There’s just no way .*= could be the fastest, that makes no sense.

Maybe try fill!(hist, zero(eltype(hist)) or some variation on that (I’m not on my computer right now)

Regarding the slowness of BitSet iteration, we forgot that BitSet exists when we micro-optimized the logical indexing code (probably my fault). We should open an issue or make a PR for this.

The logical indexing code is pretty hand-crafted assembly, and is faster because it avoids TZCNT inside the dependency chain (only BLSR in there), such that all the TZCNT are done in parallel.

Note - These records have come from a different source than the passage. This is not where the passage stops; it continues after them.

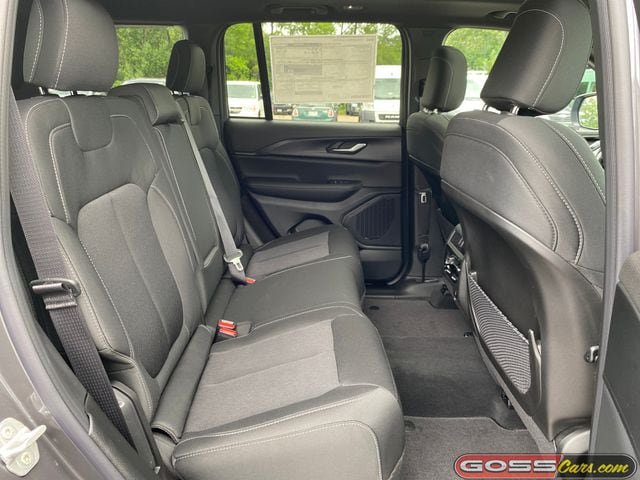 New 2026 Jeep Grand Cherokee Laredo X AWD/4WD image 7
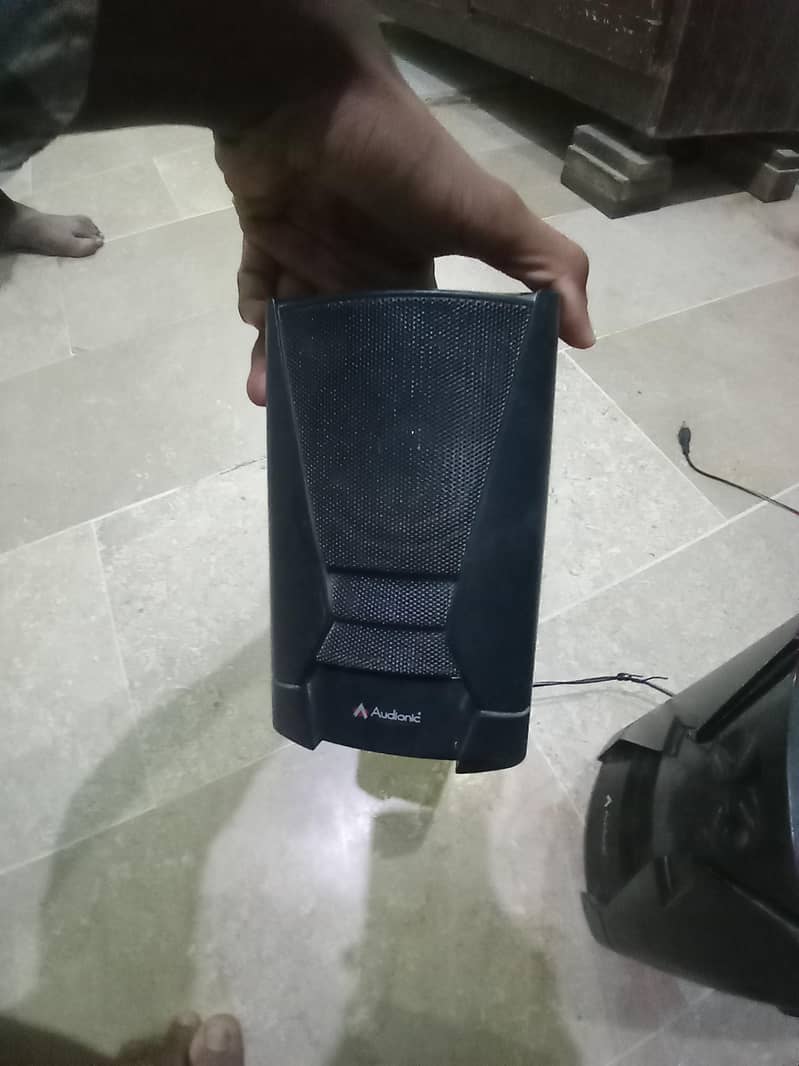 Yeh Audionic ka Mega 10 3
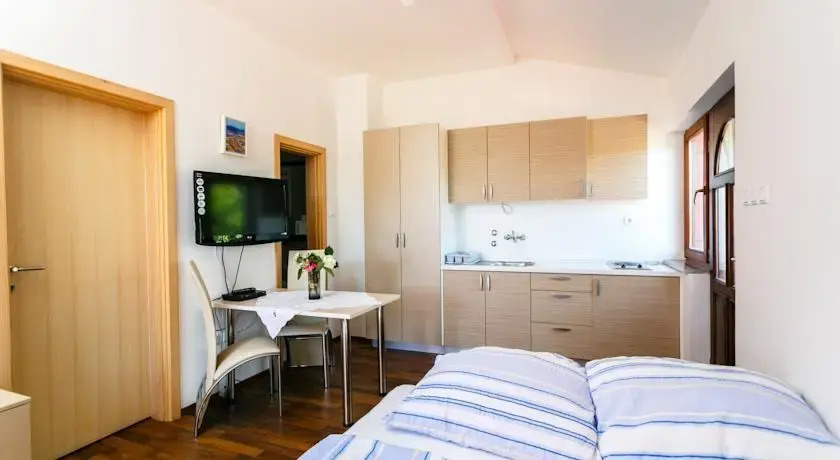 Apartments Josip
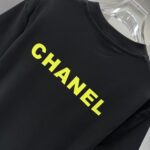 P75 CHANEL* 香奈儿* 2026春夏新款短袖T恤 定制纯棉字母logo 厚板 颜色：黑色 白色 深蓝 深红 码数：S M L XL XXL
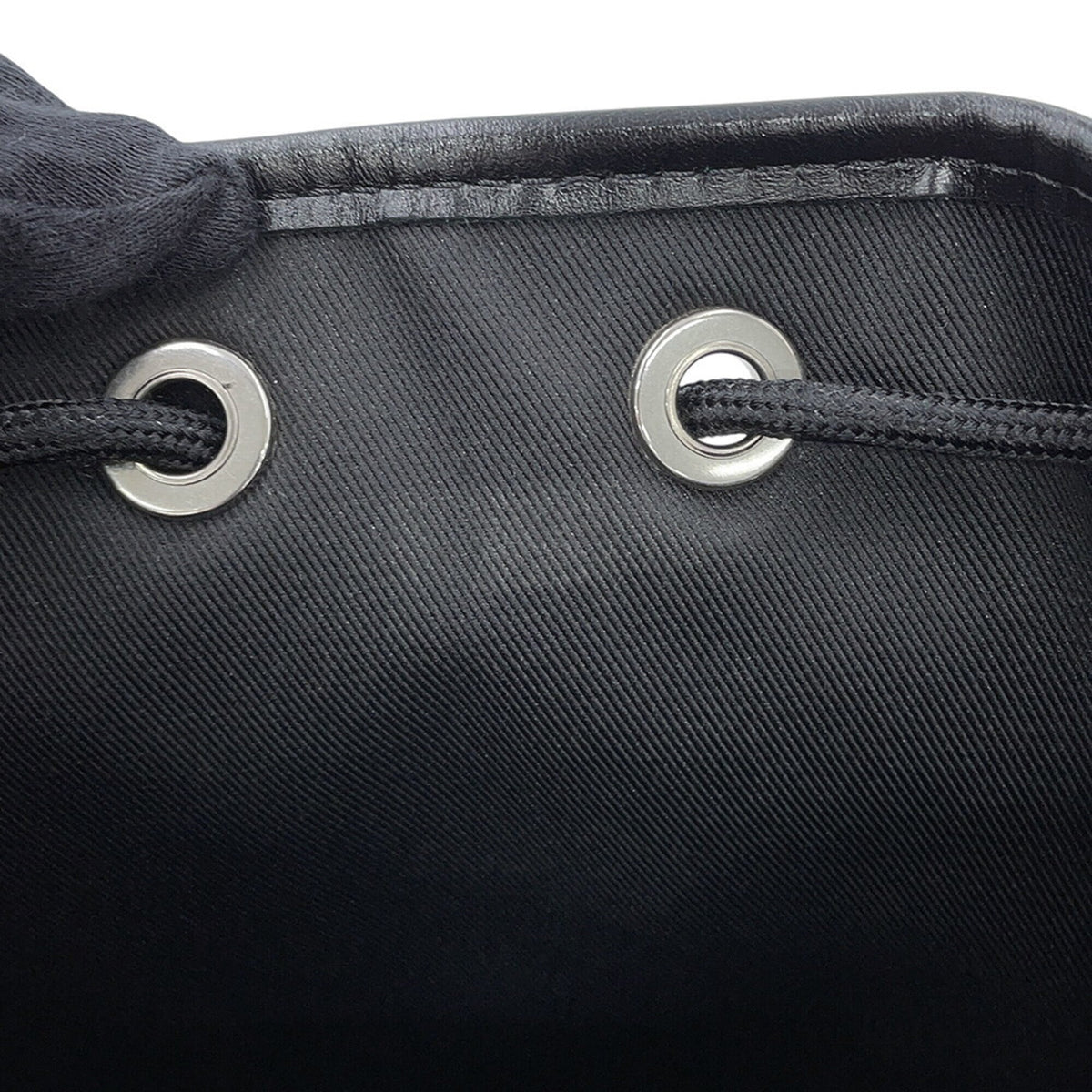 Louis Vuitton Noir Leather Handbag (Pre-Owned)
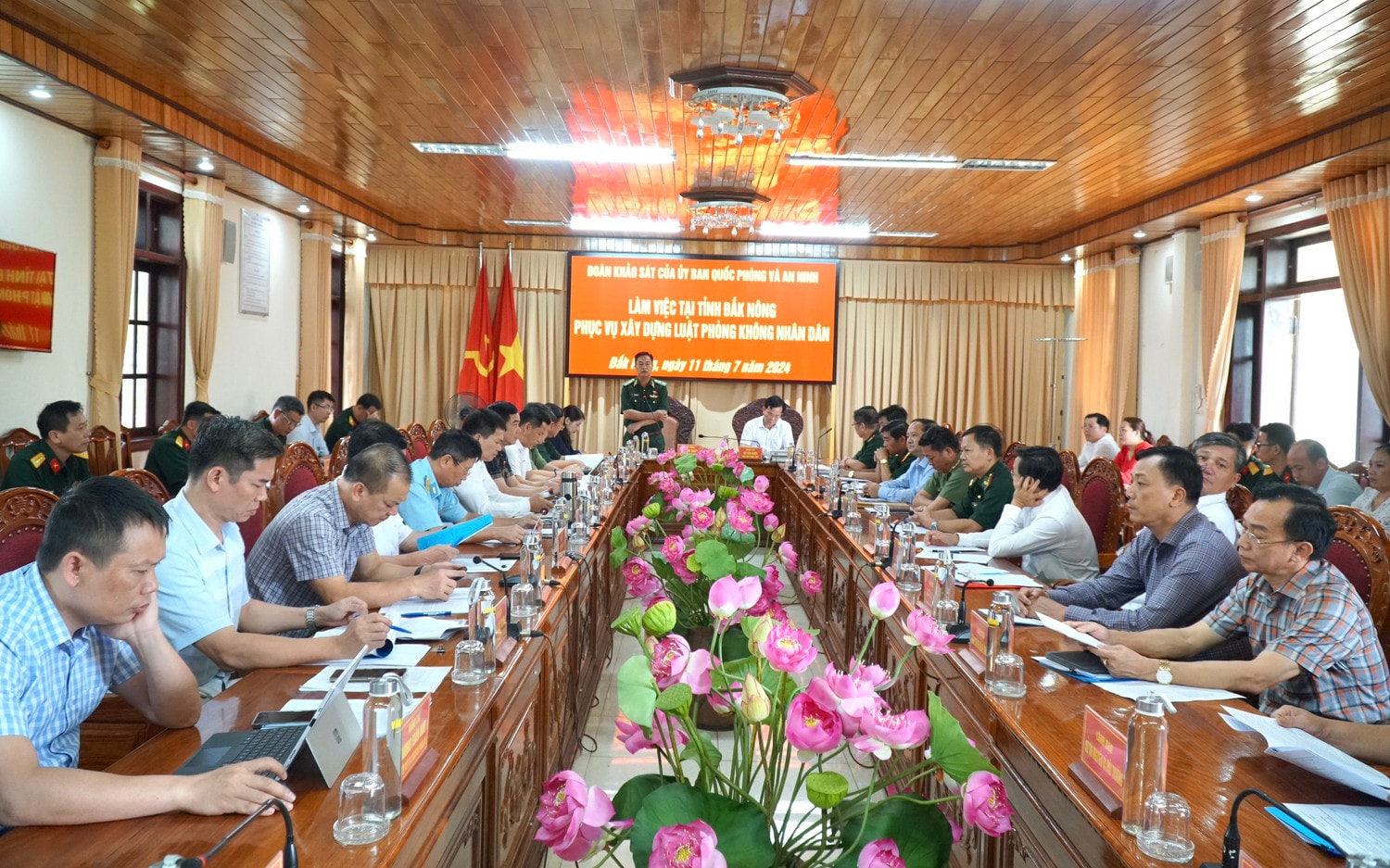 Quang cảnh cuộc làm việc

julia> id2_int = sample(1:nrows, Int(nrows/2), replace=false, ordered=false);
julia> id2_bit = BitSet(id2_int);
julia> id2_bv = falses(nrows); for i in id2_bit id2_bv[i]=true; end;
julia> id2_li = Base.LogicalIndex(id2_bv);

julia> @btime hist_sum($x_bin, $hist, $id2_int, $value)
  149.624 μs (0 allocations: 0 bytes)
julia> @btime hist_sum($x_bin, $hist, $id2_bit, $value)
  420.125 μs (0 allocations: 0 bytes)
julia> @btime hist_sum($x_bin, $hist, $id2_li, $value)
  114.102 μs (0 allocations: 0 bytes)

Edit: @rfourquet already made the PR, yay!